2. Les formes de la corésidence

1.

On peut distinguer les familles, en comptant le nombre de générations présentes sous le même toit.

  • Famille étendue : ascendants, descendants, collatéraux
  • Famille restreinte ou conjugale : parents et enfants non mariés.
2.

F. Le Play (19ème s.) distingue trois modèles de groupe domestique, qui se seraient succédés dans le temps.

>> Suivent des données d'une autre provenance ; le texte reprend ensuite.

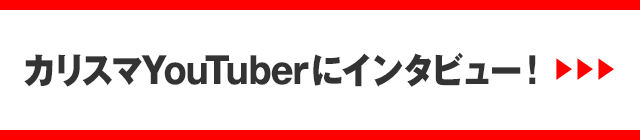 カリスマYouTuberにインタビュー！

  • La famille étendue (ou élargie, communautaire, indivise) qui regroupe dans un même lieu plusieurs générations. C'est un groupe nombreux, souvent dominé par un patriarche.
  • La famille souche regroupe aussi plusieurs générations, mais avec un seul couple par génération. Pour éviter la dispersion du patrimoine familial, un seul héritier reste (l'aîné), les autres enfants devant partir (ou parfois se constituer en domestiques).
  • La famille nucléaire (ou conjugale), la plus répandue aujourd'hui, réunit les parents et les enfants non mariés. Les enfants quittant le foyer au moment d'une union.
3.

Selon T. Parsons, ce mouvement est la conséquence de la société industrielle :

  • La recherche d'un emploi industriel, dans les usines, en ville, loin du foyer familial d'origine, impose la "résidence néolocale"
  • Les domiciles séparés facilitent la rupture avec la parentèle. En même temps, cela autorise une certaine liberté dans le choix du conjoint.
  • Dans cette nouvelle forme de famille, se met en place une différenciation naturelle des rôles selon le sexe (division du travail). L'homme assure des fonctions "instrumentales" (recherche des ressources à l'extérieur), la femme développe une fonction expressive (affection, éducation des enfants, tâches domestiques intérieures)
4. La théorie de F. Le Play est cependant très critiquable, dans la mesure ou des historiens (Laslett ou A. Burguière) ont montré que la forme conjugale existait déjà au Moyen Age. Il n'y pas évolution, mais coexistence des diverses formes.
5.

L'interprétation de T. Parsons est aussi démentie par les faits :

  • Les liens avec la parentèle ne sont pas coupés (soutien, cadeaux, proximité géographique, transferts de patrimoine culturel, économique, social, etc.) dans la famille moderne (fonction de solidarité réactivée).
  • La représentation des rôles domestiques évolue : 40% des femmes pensait qu'il ne faut pas travailler quand on a des enfants jeunes en 79, contre seulement 29% en 82 ! Il est vrai que la modification des rôles en pratique, est plus lente.